Nos meses de junho e julho de 1925, a final do campeonato italiano do norte fora realizada por diversos jogos disputados entre Bolonha e Genoa. A tensão esteve no auge depois de uma longa e cansativa temporada. A primeira final disputada em Milão foi o palco de várias irregularidades. O Bolonha perdia por 2 a 1 e conseguiu o empate de maneira bem pitoresca, digamos assim. A bola saiu pela linha de fundo do ataque do time bolonhês quando de repente a torcida sentada na beira do campo pegou a bola e passou para Bellini que assim marcou o gol salvador. O árbitro Mauro invalidou o lance no primeiro momento, mas ao perceber a fúria dos tifosi na beira do gramado resolveu revalidar o gol. Segundo o jornal La Stampa do dia 9 de junho de 1925: “Mauro tentou sair de campo, mas decidiu ficar e depois de 13 minutos de discussão acabou validando o gol”. Revoltados com o lance, os dirigentes e jogadores do Genoa decidiram abandonar o campo.
Não precisaria nem ressaltar que os jogos seguintes foram disputados em um clima bem pesado. Deste modo, na véspera do jogo disputado em Turim, na cancha da Juventus localizada em Corso Marsiglia, o jornal Paese Sportivo anunciou que “por determinação das autoridades não seria permitida a entrada de pessoas munidas de bastões.” No dia seguinte da peleja, o mesmo jornal publicou que todas as precauções foram tomadas para que o jogo fosse realizado na mais perfeita calma. “Em volta do retângulo de jogo, um cordão de isolamento foi formado por Carabinieri, um militar a cada três metros”. Ao que tudo indica o resultado foi satisfatório já que o jogo terminou numa boa, ainda com um empate de 1 a 1.
No entanto, a tensão ficou para o lado de fora do estádio. Na estação de trem de Turim. O jornal Paese Sportivo, no dia 6 de julho de 1925, publicou: “Na estação de Porta Nuova, vários incidentes ocorreram durante a partida de dois trens. Torcedores do Genoa e Bolonha brigaram dentro da estação. Tiros foram disparados de dentro do trem que saia para Bolonha às 20h40. Há relatos que um torcedor genovês fora atingido”. O Gazzetta del Popolo publicou no dia 6 de julho de 1925 que os meliantes abriram fogo quando o trem saia da estação e que a maioria dos disparos foram para o alto, porém alguns tiros atingiram o trem da torcida adversária. Uma pessoa ficou ferida, foi um estivador do porto de Genova, Francesco Tentorio, alvejado na perna esquerda.
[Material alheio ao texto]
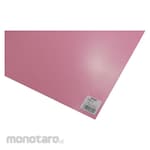 Hikari Polypropylene Sheet (Lembar Polipropilena)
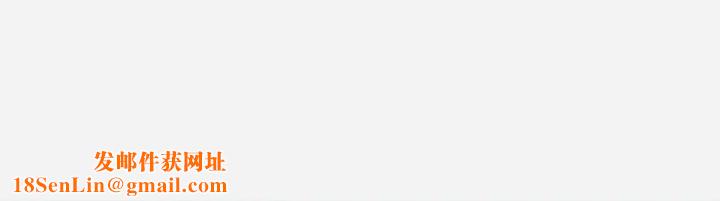 王牌经纪人第3话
Os comentários de uma imprensa controlada pela censura desde o estabelecimento da ditadura fascista em 1925 mostram que longe de ser um fenômeno isolado, os tiros da estação de Porta Nuova eram a expressão máxima da paixão futebolística. Os comentaristas da época não se espantaram com o episódio já que era factível um incidente por causa das condições impostas aos torcedores. As discussões entre torcidas rivais pareciam aos olhos dos jornalistas um elemento natural do espetáculo esportivo. Quando o jogo terminava, as provocações continuavam na saída dando ensejo a algumas brigas. Segundo os jornalistas, os torcedores faziam de tudo para ajudar o time utilizando todos os meios possíveis e imaginários. Outros responsabilizaram os clubes por contratar trens privados para o transporte de 500 a 1000 torcedores a cada jogo. O objetivo era mostrar a força de sua torcida no campo adversário como assim relatou o Gazzetta del Popolo: “Só os times não parecem ser o suficiente, é preciso a presença dos torcedores com o objetivo de colocar os rivais anfitriões em posição de inferioridade e preparar um ambiente propicio à vitória” .
Pode-se comparar algumas repreensões como aquelas cometidas contra os inimigos do fascismo. A FICG puniu o clube bolonhês com uma multa pesada de 5 000 liras por não divulgar a lista dos torcedores culpados do incidente de Porta Nuova. Um agrupamento formado por torcedores reuniu mais de 1 000 pessoas na Piazza Nettuno, no coração de Bolonha. Organizada por um conselheiro municipal, o capitão Galliano, a manifestação tinha por objetivo apoiar o clube que havia negado a deliberação estatal. Apesar da ocupação da praça, o clube foi obrigado a ceder. O estado fascista estabeleceu uma legislação especifica para os encontros esportivos. O decreto-lei de 6 de agosto de 1926 instituiu a obrigação da dupla autorização, prefeitura e governo, para a realização de um jogo internacional (artigo 1) e os jogos nacionais deveriam ser realizados após a aprovação do prefeito ao menos um mês antes (artigo 5). Tais medidas não foram suficientes para sufocar o espírito do tifosi, mas a febre futebolística do pós-guerra estava sob controle.